§ **EXERCISE PROMPT**
Restate, word for word, each entry that follows, but skip its pictures.

*** AVAILABLE RECORDS ***

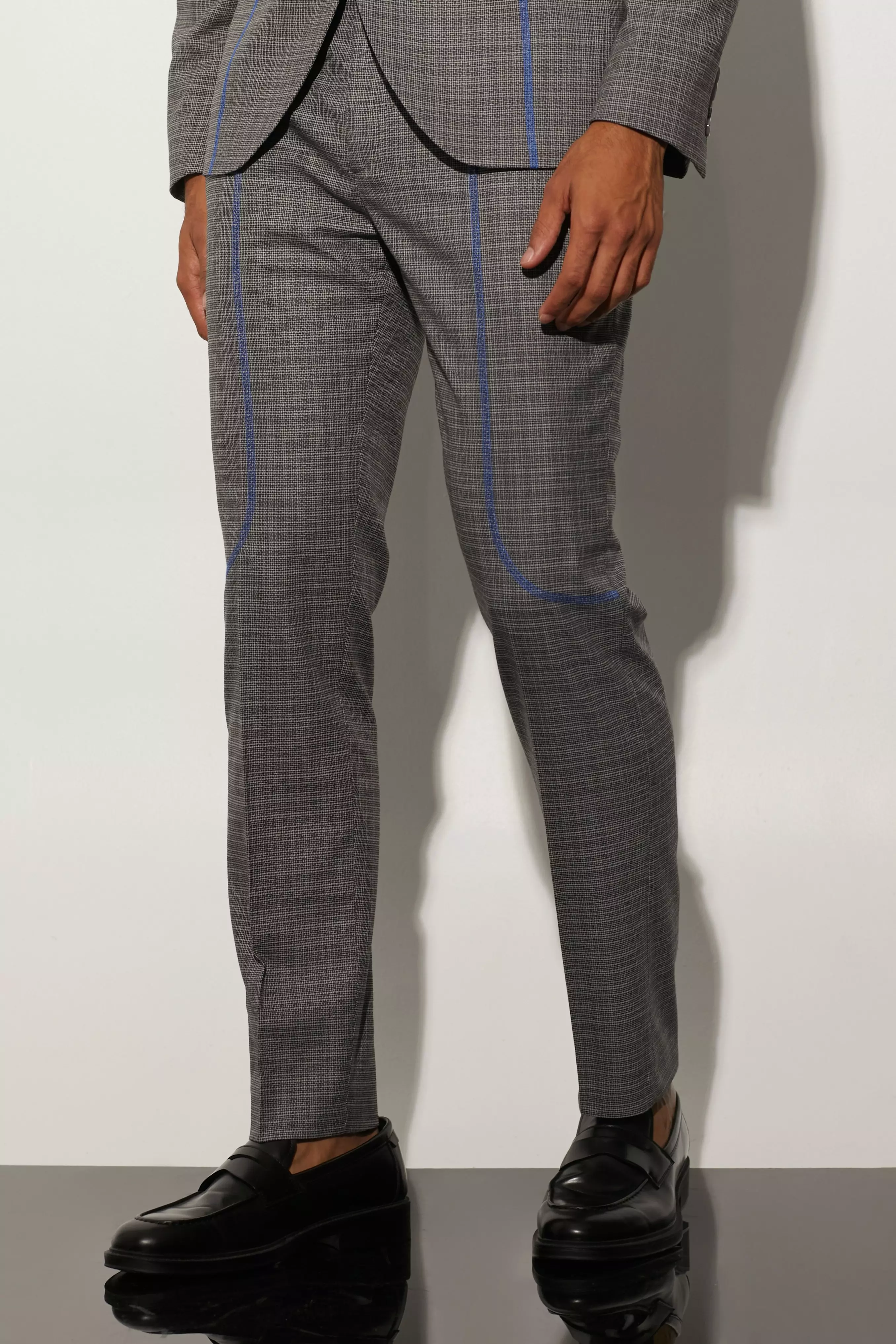 Black Slim Fit Plaid Contrast Stitch Suit Jacket alternative image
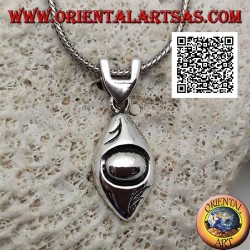 Silver pendant in the shape of a smooth rounded eye with engraved pupil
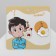 Emall earrings “What was before” chicken and egg, colored in gold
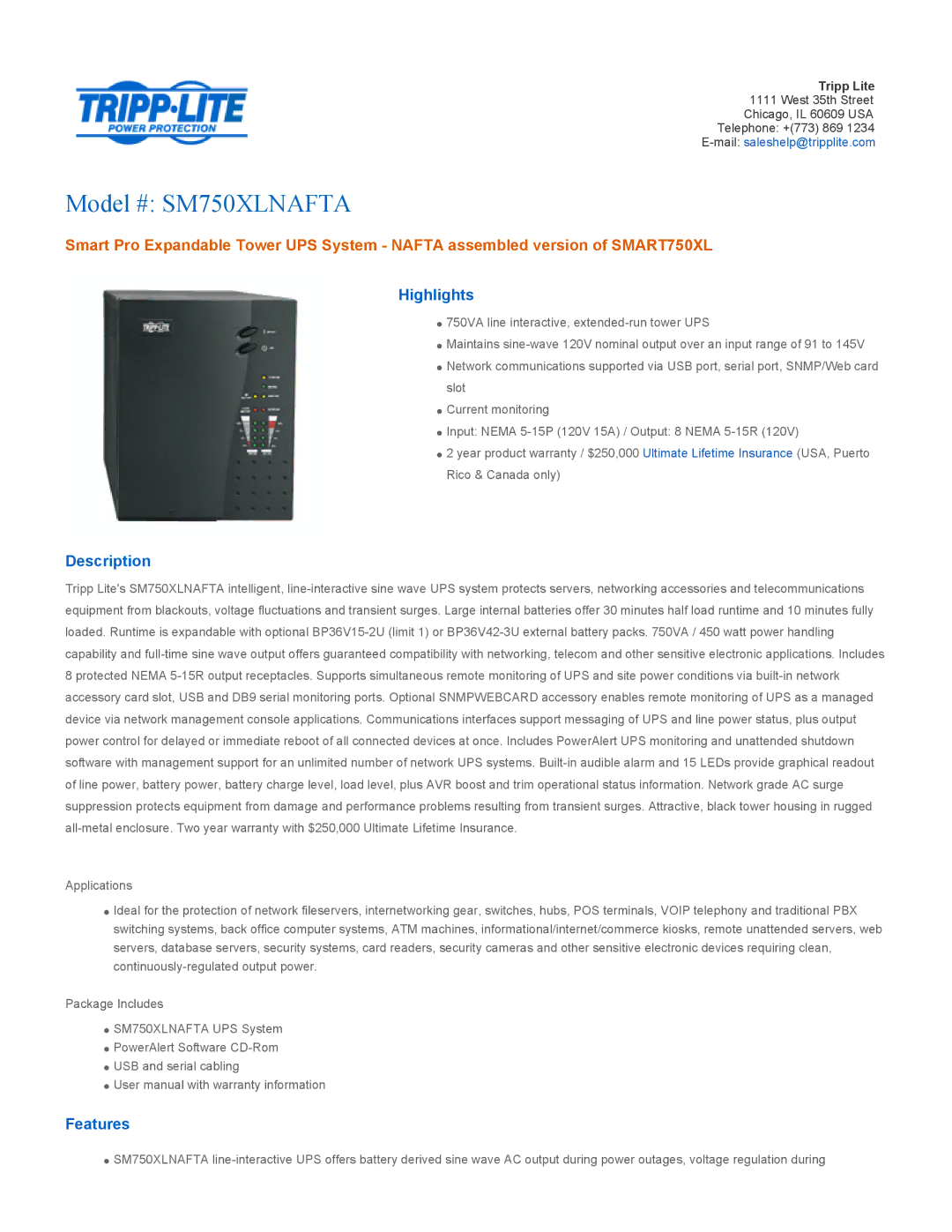 Tripp Lite SM750XLNAFTA warranty Highlights, Description, Features 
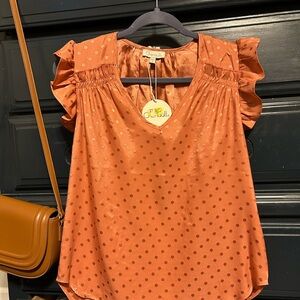 Chenault Rust Orange Polka Dot Top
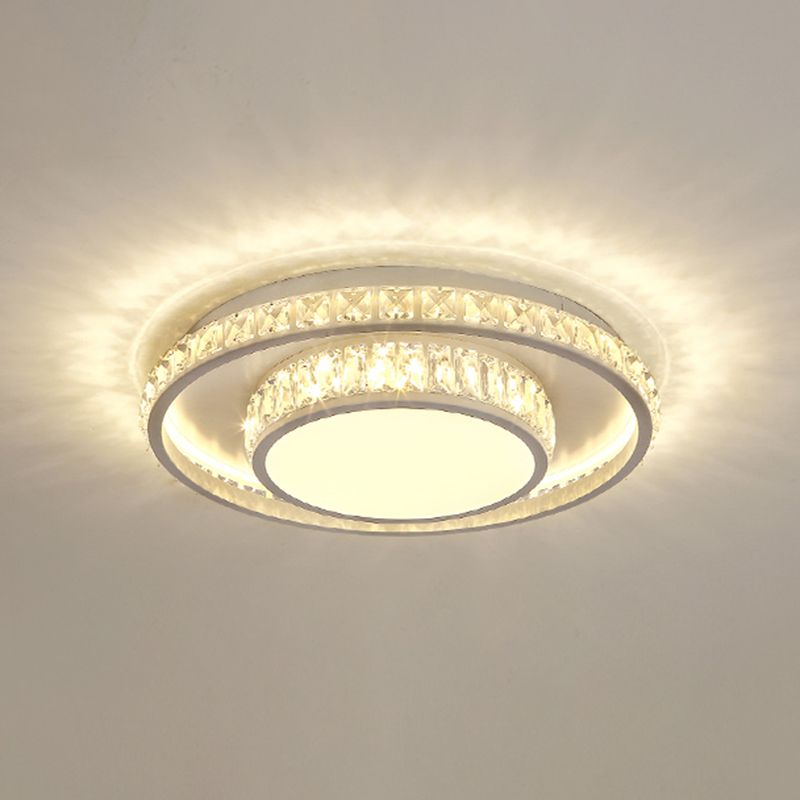 Simplicité DEL Geometric DEL Flush Mount Light Crystal Bedroom Flush Mount Ceiling Light in Stainless-Steel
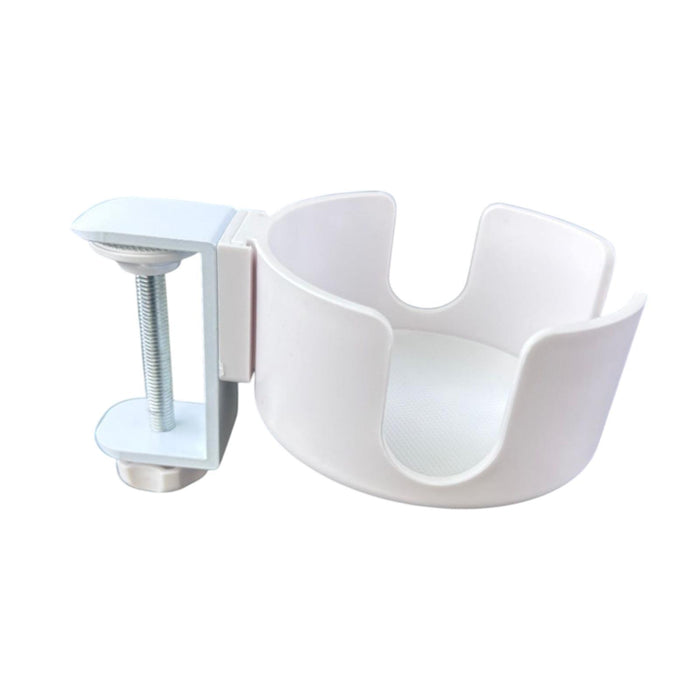 Crofta Desk Cup Holder Clip on Table Cup Holder for Water Bottle Beach Workstations White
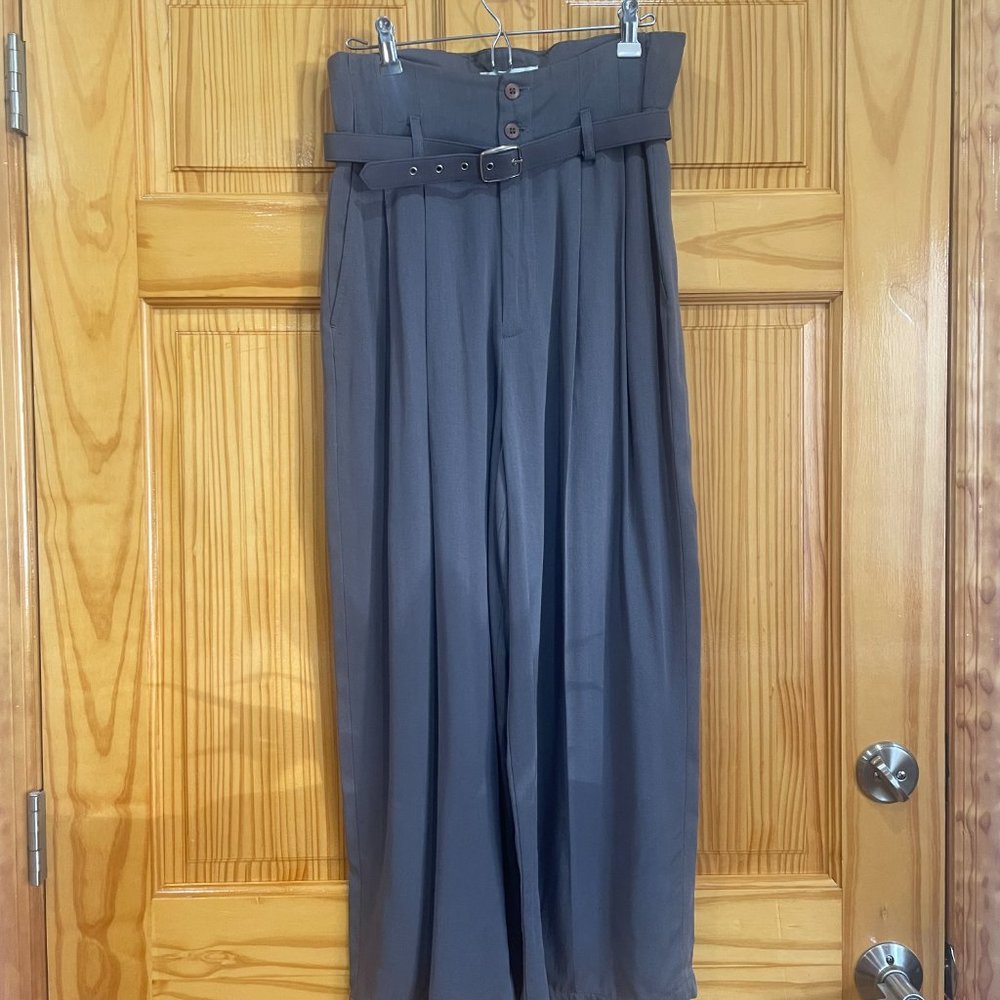Tweeds Vintage Wide Leg Belted Trousers; High Waisted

*** End of AVAILABLE RECORDS ***

§ **YOUR SOLUTION**
 Black Slim Fit Plaid Contrast Stitch Suit Jacket alternative image
 Silver pendant in the shape of a smooth rounded eye with engraved pupil
 Emall earrings “What was before” chicken and egg, colored in gold
 Tripp Lite SM750XLNAFTA warranty Highlights, Description, Features 
 Chenault Rust Orange Polka Dot Top
 Simplicité DEL Geometric DEL Flush Mount Light Crystal Bedroom Flush Mount Ceiling Light in Stainless-Steel
 Crofta Desk Cup Holder Clip on Table Cup Holder for Water Bottle Beach Workstations White
Tweeds Vintage Wide Leg Belted Trousers; High Waisted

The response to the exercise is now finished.